DETAILED DESCRIPTION
[0019] Embodiments of the present disclosure will now be described
more fully and clearly hereinafter with reference to the
accompanying drawings in which the embodiments of the present
disclosure are shown. It is to be recognized by those skilled in
the art that the embodiments set forth herein is merely a part
rather than all of the present disclosure. All other embodiments
that can be obtained by those skilled in the art on the basis of
the disclosed embodiments without any mental work fall within the
scope of the present disclosure.
[0020] In order to simplify a process for manufacturing a
capacitive touch panel, an embodiment of the present disclosure
provides a capacitive touch panel as below.
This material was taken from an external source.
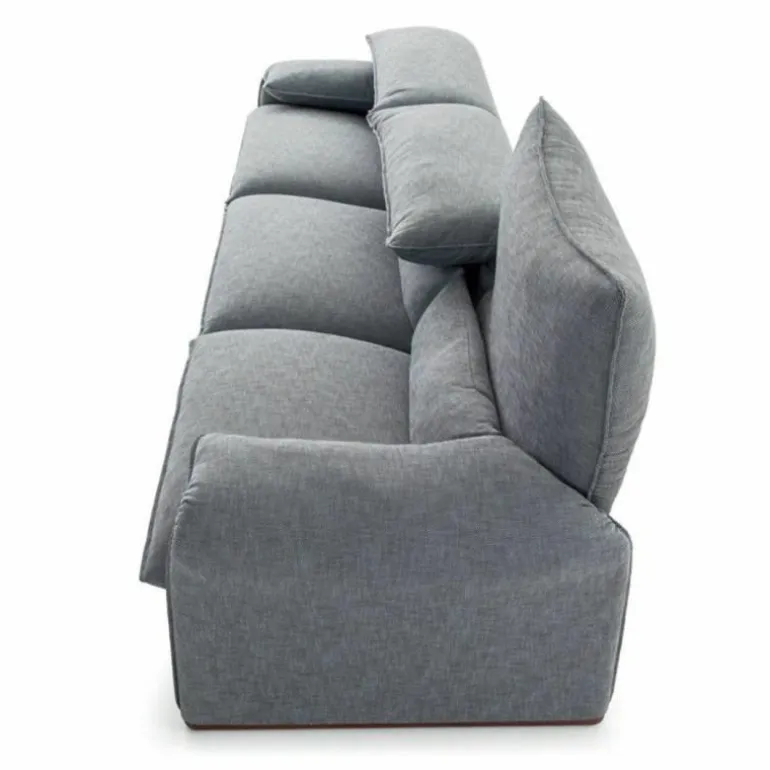 Maralunga 40 Maxi 3-zits Bank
[0021] FIG. 3 is a schematic plan view showing structure of a
capacitive touch panel according to an embodiment of the present
disclosure; FIG. 4 is a cross sectional view of the capacitive
touch panel taken along a line A-A in FIG. 3. With reference to
FIG. 3 and FIG. 4 in combination, the embodiment of the present
disclosure provides a capacitive touch panel comprising a first
substrate 1 and a second substrate 2 disposed opposite to each
other. A common electrode 3 and at least two parallel electrode
lines 4 are provided between the first substrate 1 and the second
substrate 2; the common electrode 3 and the at least two parallel
electrode lines 4 are provided on the second and the first
substrates, respectively. At least two touch electrodes 5 are
connected in series by each of the electrode lines 4, and any two
touch electrodes 5 connected by a same electrode line 4 have an
area different from each other. The touch electrode 5 each forms a
capacitor along with the common electrode 3. The electrode line 4
is connected with a touch signal sensing device 6.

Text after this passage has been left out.